A similar animal study of the compound against colon cancer reduced tumor growth by 69%, compared with a 73% reduction by irinotecan, an existing colon-cancer drug. But in two other colon-cancer models using the compound, the tumors disappeared completely, Cytokinetics says. (It is unclear whether the tumors would eventually regrow.)

The compound was well tolerated by mice in many of the tests, and there was no evidence of side effects of the nervous system commonly associated with drugs like Taxol. In one animal trial, the tumors shrank when the compound was administered at one-third the dose at which serious side effects would emerge.

Scientists have long known that tiny motors exist in the human body, but kinesins were discovered only in 1984, when researchers at the Marine Biological Laboratory in Woods Hole, Mass., noticed them in the nerve cell of a squid. "We saw that it was a completely new kind of motor powering motion within a cell," says Ron Vale, one of the scientists who discovered kinesins, helped found Cytokinetics and is on the company's scientific advisory board. It is known that these microscopic motors exist in every cell of every organism, though exactly how they create motion remains mysterious.
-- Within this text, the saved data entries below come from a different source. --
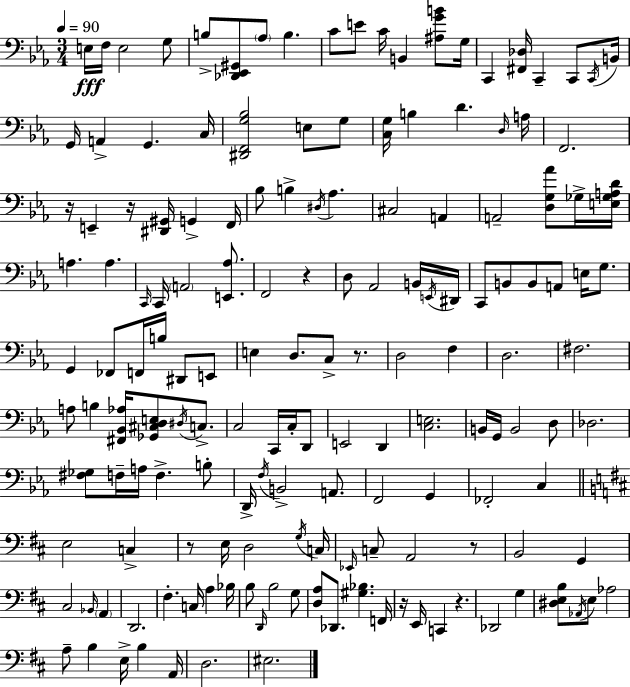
{
  \clef bass
  \numericTimeSignature
  \time 3/4
  \key ees \major
  \tempo 4 = 90
  \repeat volta 2 { e16\fff f16 e2 g8 | b8-> <des, ees, gis,>8 \parenthesize aes8 b4. | c'8 e'8 c'16 b,4 <ais g' b'>8 g16 | c,4 <fis, des>16 c,4-- c,8 \acciaccatura { c,16 } | \break b,16 g,16 a,4-> g,4. | c16 <dis, f, g bes>2 e8 g8 | <c g>16 b4 d'4. | \grace { d16 } a16 f,2. | \break r16 e,4-- r16 <dis, gis,>16 g,4-> | f,16 bes8 b4-> \acciaccatura { dis16 } aes4. | cis2 a,4 | a,2-- <d g aes'>8 | \break ges16-> <e ges a d'>16 a4. a4. | \grace { c,16 } c,16 \parenthesize a,2 | <e, aes>8. f,2 | r4 d8 aes,2 | \break b,16 \acciaccatura { e,16 } dis,16 c,8 b,8 b,8 a,8 | e16 g8. g,4 fes,8 f,16 | b16 dis,8 e,8 e4 d8. | c8-> r8. d2 | \break f4 d2. | fis2. | a8 b4 <fis, bes, aes>16 | <ges, cis d e>8 \acciaccatura { dis16 } c8.-> c2 | \break c,16 c16-. d,8 e,2 | d,4 <c e>2. | b,16 g,16 b,2 | d8 des2. | \break <fis ges>8 f16-- a16 f4.-> | b8-. d,16-> \acciaccatura { f16 } b,2-> | a,8. f,2 | g,4 fes,2-. | \break c4 \bar "||" \break \key d \major e2 c4-> | r8 e16 d2 \acciaccatura { g16 } | c16 \grace { ees,16 } c8-- a,2 | r8 b,2 g,4 | \break cis2 \grace { bes,16 } \parenthesize a,4 | d,2. | fis4.-. c16 a4 | bes16 b8 \grace { d,16 } b2 | \break g8 <d a>8 des,8. <gis bes>4. | f,16 r16 e,16 c,4 r4. | des,2 | g4 <dis e b>8 \acciaccatura { aes,16 } e8 aes2 | \break a8-- b4 e16-> | b4 a,16 d2. | eis2. | } \bar "|."
}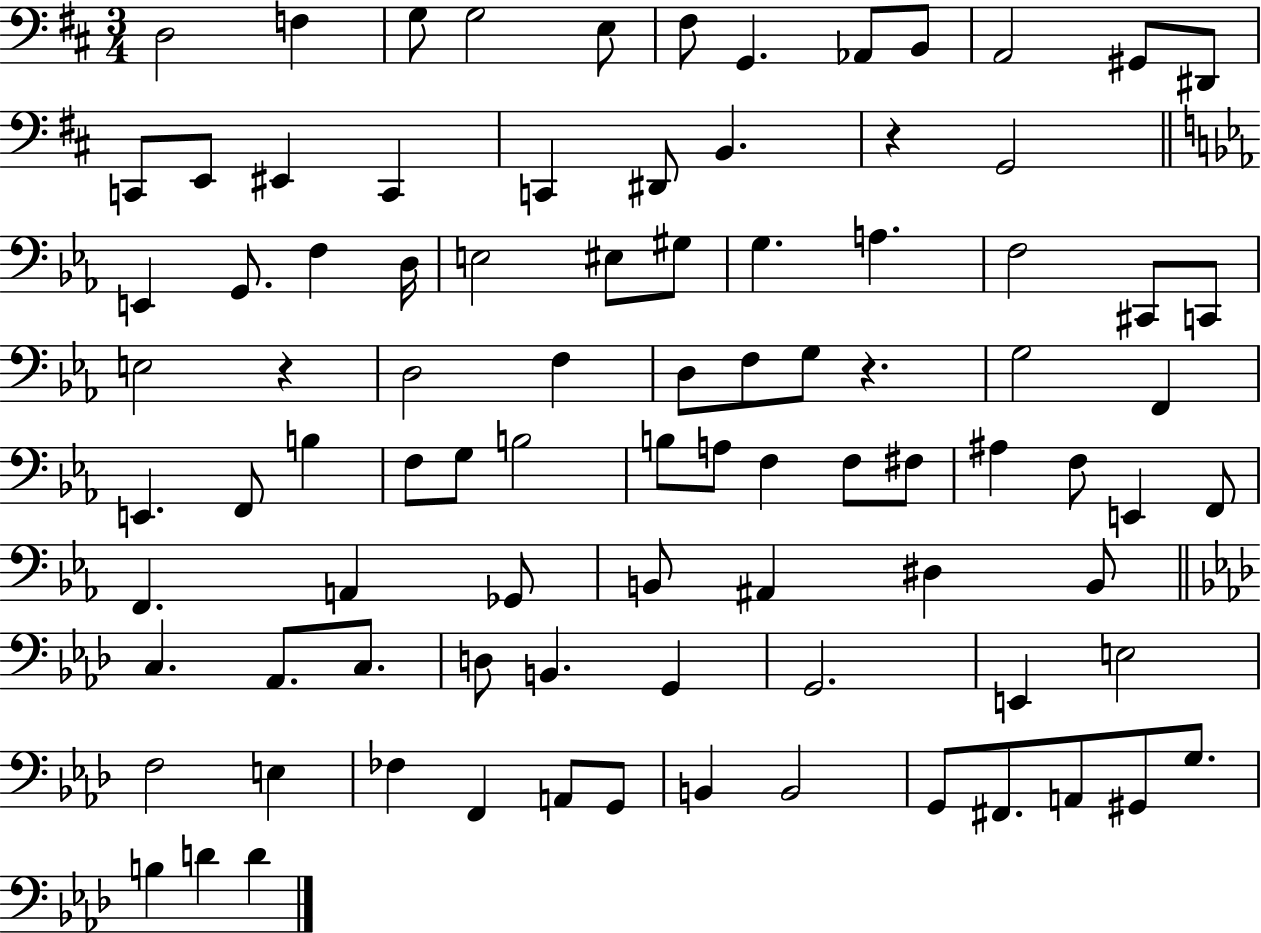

Cytokinetics's research attracted several venture-capital investors. Between 1998 and July 2001 the company raised more than $90 million (€102 million) in equity funding, including a $14 million purchase of its preferred stock by GlaxoSmithKline. Separately, the British drug maker has made an upfront cash payment of $14 million and committed more than $20 million to Cytokinetics for research. In exchange, GlaxoSmithKline gets certain rights to commercialize any promising drugs that result.